WHAT YOU HAVE TO DO
All that is wanted is the exact text of the lines below from the one with "Skin Accumax (120 Capsules)" through the one with "Michael Kors MK7514SET", inclusive, minus any pictures.

DATA TO EXAMINE
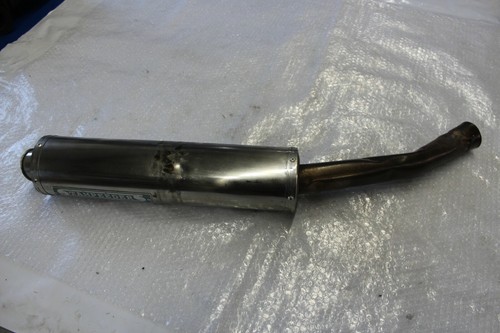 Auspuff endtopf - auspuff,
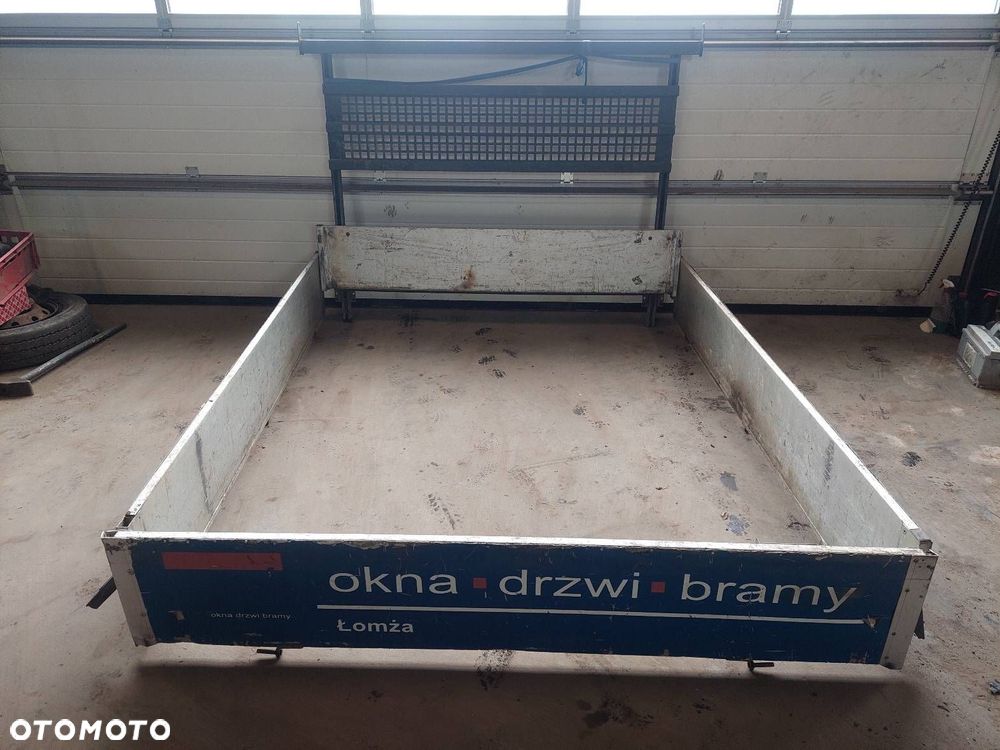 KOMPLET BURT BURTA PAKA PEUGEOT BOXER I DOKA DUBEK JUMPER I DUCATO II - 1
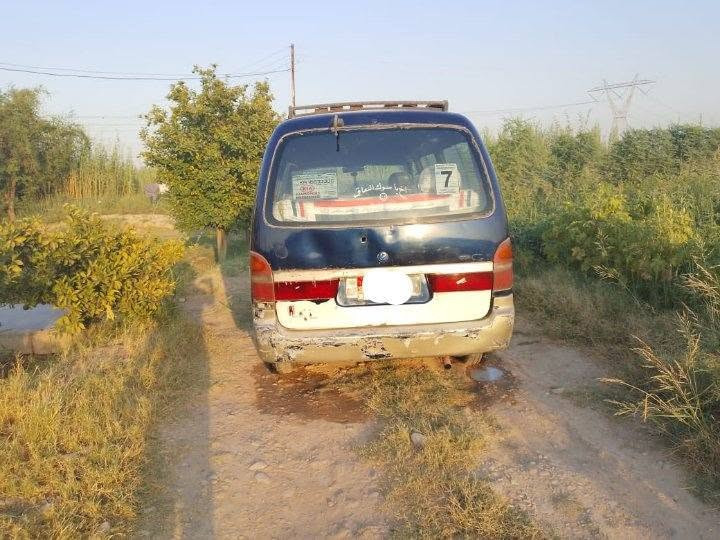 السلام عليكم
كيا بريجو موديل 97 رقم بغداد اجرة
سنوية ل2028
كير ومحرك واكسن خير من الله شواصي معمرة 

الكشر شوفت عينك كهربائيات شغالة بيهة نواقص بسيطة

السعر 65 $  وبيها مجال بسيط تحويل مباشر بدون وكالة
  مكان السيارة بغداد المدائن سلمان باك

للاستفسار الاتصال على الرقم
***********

...

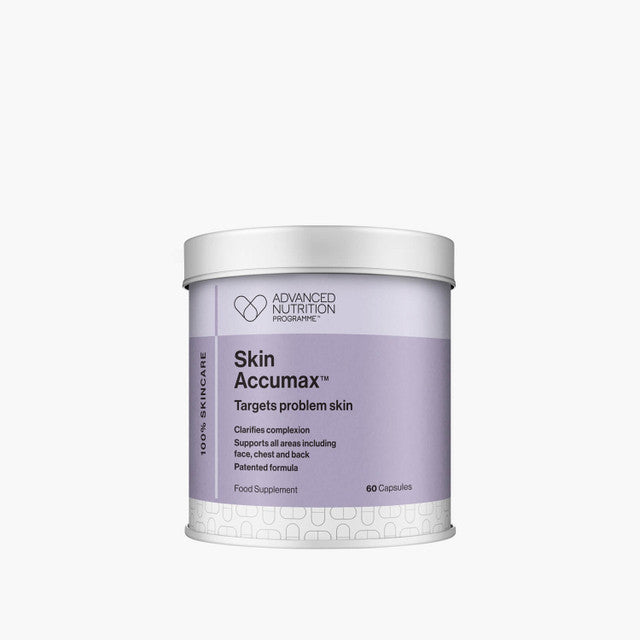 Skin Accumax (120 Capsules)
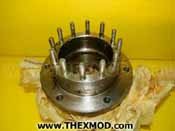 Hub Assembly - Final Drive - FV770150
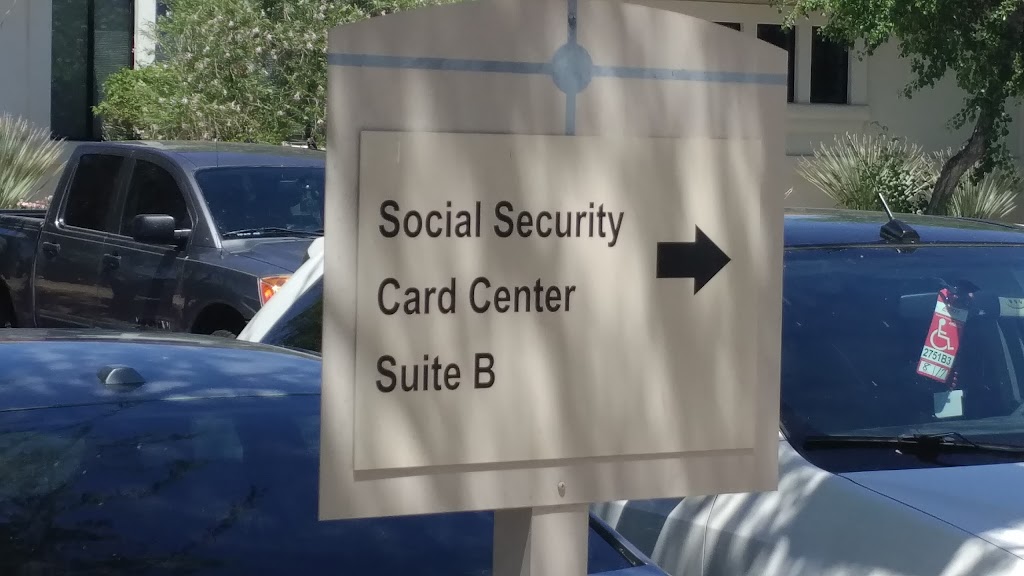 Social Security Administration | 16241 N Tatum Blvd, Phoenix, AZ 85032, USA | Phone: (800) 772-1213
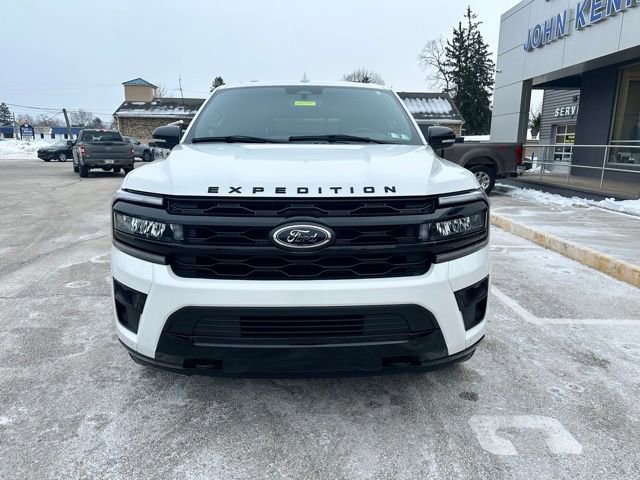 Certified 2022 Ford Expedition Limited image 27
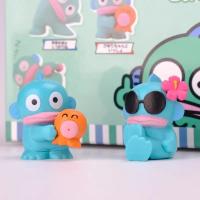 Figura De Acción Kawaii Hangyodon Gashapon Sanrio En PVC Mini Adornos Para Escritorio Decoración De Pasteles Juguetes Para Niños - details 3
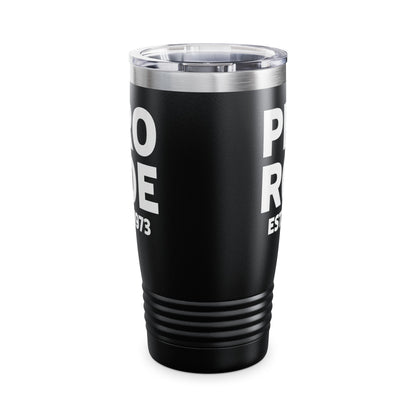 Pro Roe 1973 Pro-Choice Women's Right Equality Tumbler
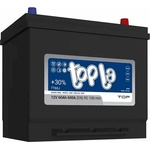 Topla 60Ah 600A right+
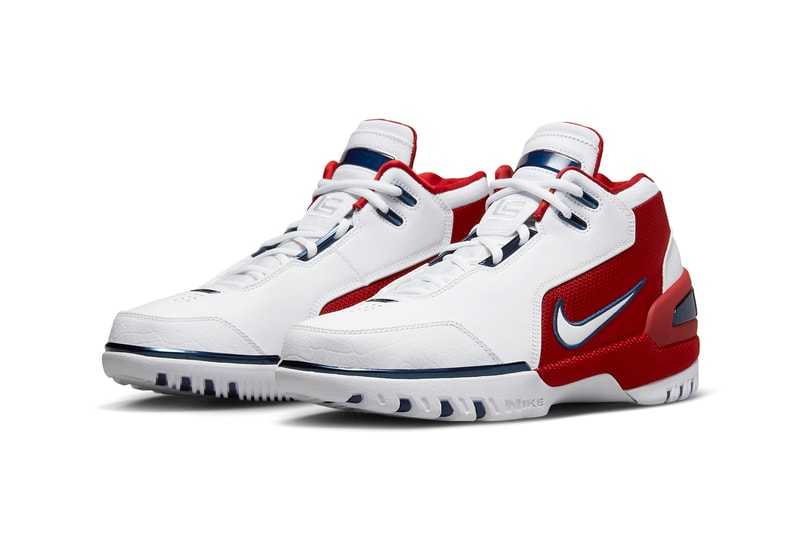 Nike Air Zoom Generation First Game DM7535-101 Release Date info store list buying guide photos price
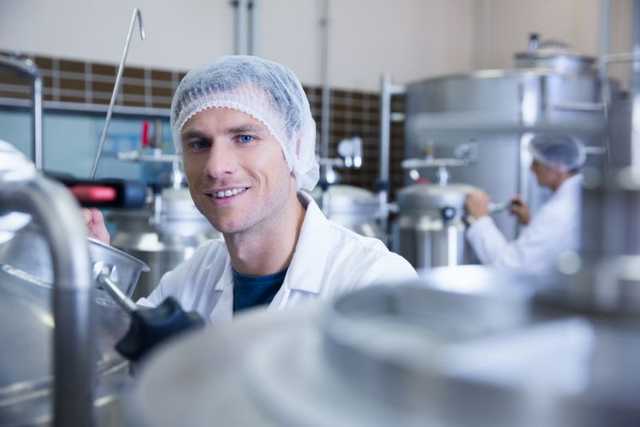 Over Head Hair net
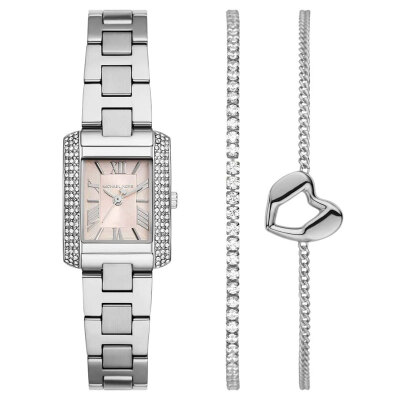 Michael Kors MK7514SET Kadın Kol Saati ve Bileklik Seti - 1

WRITTEN ANSWER
 Skin Accumax (120 Capsules)
 Hub Assembly - Final Drive - FV770150
 Social Security Administration | 16241 N Tatum Blvd, Phoenix, AZ 85032, USA | Phone: (800) 772-1213
 Certified 2022 Ford Expedition Limited image 27
 Figura De Acción Kawaii Hangyodon Gashapon Sanrio En PVC Mini Adornos Para Escritorio Decoración De Pasteles Juguetes Para Niños - details 3
 Pro Roe 1973 Pro-Choice Women's Right Equality Tumbler
 Topla 60Ah 600A right+
 Nike Air Zoom Generation First Game DM7535-101 Release Date info store list buying guide photos price
 Over Head Hair net
 Michael Kors MK7514SET Kadın Kol Saati ve Bileklik Seti - 1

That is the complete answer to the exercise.